United States Department of the Navy, Naval Air Station Jacksonville, Jacksonville, Florida (Agency) and Fraternal Order of Police, Florida Lodge 125 (Petitioner) and American Federation of Government Employees, AFL-CIO, Local 696 (Incumbent/Labor Organization)
[ v61 p139 ]
61 FLRA No. 27
DEPARTMENT OF THE NAVY
NAVAL AIR STATION, JACKSONVILLE
FRATERNAL ORDER OF POLICE
FLORIDA LODGE 125
OF GOVERNMENT EMPLOYEES
AFL-CIO, LOCAL 696
DENYING APPLICATION FOR REVIEW
August 2, 2005
Before the Authority: Dale Cabaniss, Chairman, and
Carol Waller Pope and Tony Armendariz, Members
I. Statement of the Case
This case is before the Authority on an application for review filed by the Fraternal Order of Police (FOP or Petitioner) of the Regional's Director's (RD's) Decision and Order dismissing FOP's petition seeking, among other things, to sever certain police officers from an existing certified bargaining unit represented by the American Federation of Government Employees, AFL-CIO, Local 696 (AFGE, Local 696). The Agency filed an opposition to FOP's petition.
For the following reasons, we deny the Petitioner's application for review.

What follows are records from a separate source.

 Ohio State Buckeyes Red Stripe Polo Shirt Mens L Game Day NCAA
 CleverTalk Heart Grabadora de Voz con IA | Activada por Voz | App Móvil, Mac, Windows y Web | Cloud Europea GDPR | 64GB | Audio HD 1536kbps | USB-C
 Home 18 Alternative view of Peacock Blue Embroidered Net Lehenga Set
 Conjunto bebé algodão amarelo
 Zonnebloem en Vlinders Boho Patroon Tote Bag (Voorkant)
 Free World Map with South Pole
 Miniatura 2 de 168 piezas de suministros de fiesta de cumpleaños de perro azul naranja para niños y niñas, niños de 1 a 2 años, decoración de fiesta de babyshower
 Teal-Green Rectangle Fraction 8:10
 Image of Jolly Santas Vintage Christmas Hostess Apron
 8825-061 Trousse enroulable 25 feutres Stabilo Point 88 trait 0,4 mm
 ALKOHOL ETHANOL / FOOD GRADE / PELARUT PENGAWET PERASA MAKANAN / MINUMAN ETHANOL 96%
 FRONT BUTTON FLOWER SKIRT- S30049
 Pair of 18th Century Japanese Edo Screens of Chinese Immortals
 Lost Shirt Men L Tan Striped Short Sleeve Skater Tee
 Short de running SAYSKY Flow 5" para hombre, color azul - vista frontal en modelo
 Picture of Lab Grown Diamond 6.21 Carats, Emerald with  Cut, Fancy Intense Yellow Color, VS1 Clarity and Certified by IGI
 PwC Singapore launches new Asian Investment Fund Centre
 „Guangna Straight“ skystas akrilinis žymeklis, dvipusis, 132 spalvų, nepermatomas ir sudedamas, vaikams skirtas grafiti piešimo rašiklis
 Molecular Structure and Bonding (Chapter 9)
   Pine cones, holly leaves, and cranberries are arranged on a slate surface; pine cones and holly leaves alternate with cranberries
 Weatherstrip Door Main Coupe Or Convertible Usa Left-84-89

II. Background and RD's Decision
In February 1977, AFGE, Local 696 was granted exclusive recognition under Executive Order 11491 for a unit of employees at the Department of the Navy's (DON), Naval Air Station facility located in Jacksonville, Florida (NAS, JAX). This unit included "[a]ll graded appropriated fund employees" employed by the NAS, JAX, except professional employees and other statutory exclusions. RD's Decision at 2 and Joint Exhibit 3.
NAS, JAX is one of 15 bases assigned to the Commander, Naval Region Southeast, one of 16 Navy Regional Commands comprising the "Commander, Navy Installations" (CNI) organization. The Commanding Officer of NAS, JAX, among other things, oversees the management of thirteen departments, including the Legal and Security Department, through an Executive Officer.
The Director of Security, a civilian, reports directly to the Commanding Officer and Executive Director and has the authority to address an issue of concern or demand to bargain that would be presented by security personnel. The Security Department consists of four different divisions: operations, training, investigation, and physical security. With the exception of a physical security specialist, GS-0080-9 position that is currently vacant, all bargaining unit employees within the Security Department are GS-083 series, which includes police officers, police dispatchers and two detectives. The record reflects that at the time of the hearing in October 2004, there were 63 bargaining unit employees within the Security Department.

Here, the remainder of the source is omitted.